短すぎる前肢(腕)の使い方はよく分かっていませんが、2017年には「噛みついた後に獲物を深く切り裂く役目を負っていた」ことを示唆する論文が発表されています(ただし、この説には多くの学者が反対の意見を唱えています)。
他の恐竜に比べて、両目は前面に向いています。立体的にものを見ることができる(獲物との距離や速度を正確に把握できる)ため、動く動物を捕らえるのに適していました。
見つかった化石-断面の成長線を調べることで、ティラノサウルスの寿命はおよそ30歳と推定されています。
卵から孵ったときには、全長60cm、体重2kg。2歳になるころには、60%の個体が死亡しています。

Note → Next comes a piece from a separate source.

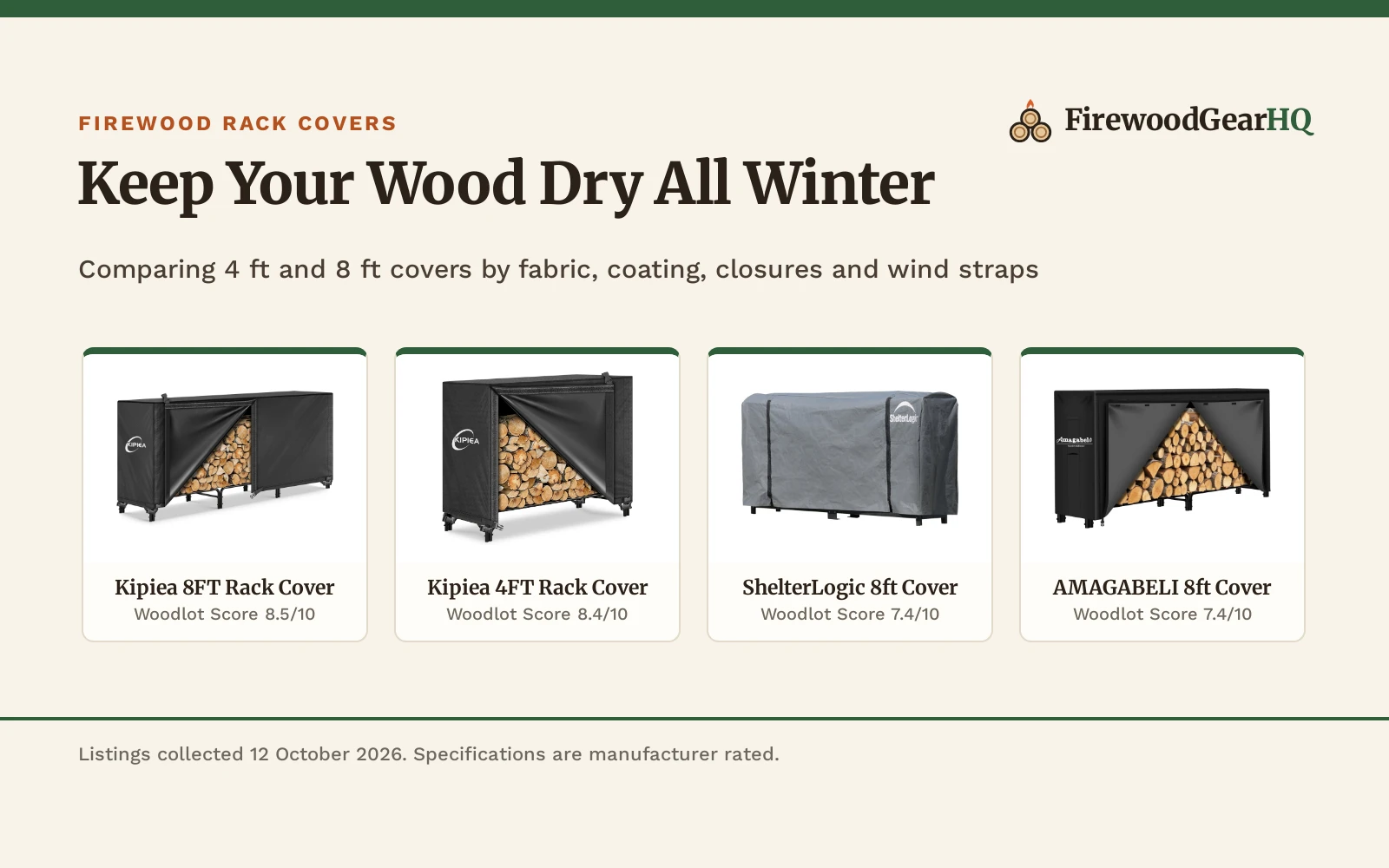 Best Wood Rack Covers (2026): 5 Storage Picks Compared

ティラノサウルスの成長速度についての論文抜粋(2004年)
出典: "Gigantism and comparative life-history parameters of tyrannosaurid dinosaurs.", 2004.
by Erickson, Gregory M.; Makovicky, Peter J.; Currie, Philip J.; Norell, Mark A.; Yerby, Scott A.; Brochu, Christopher A. Nature.
また、2004年にはアメリカの研究チームが7体の標本を調べ、「成長期は14-18歳で、この間には1日あたり2.1kg、4年で3000kgの成長をしていた」と結論づけました。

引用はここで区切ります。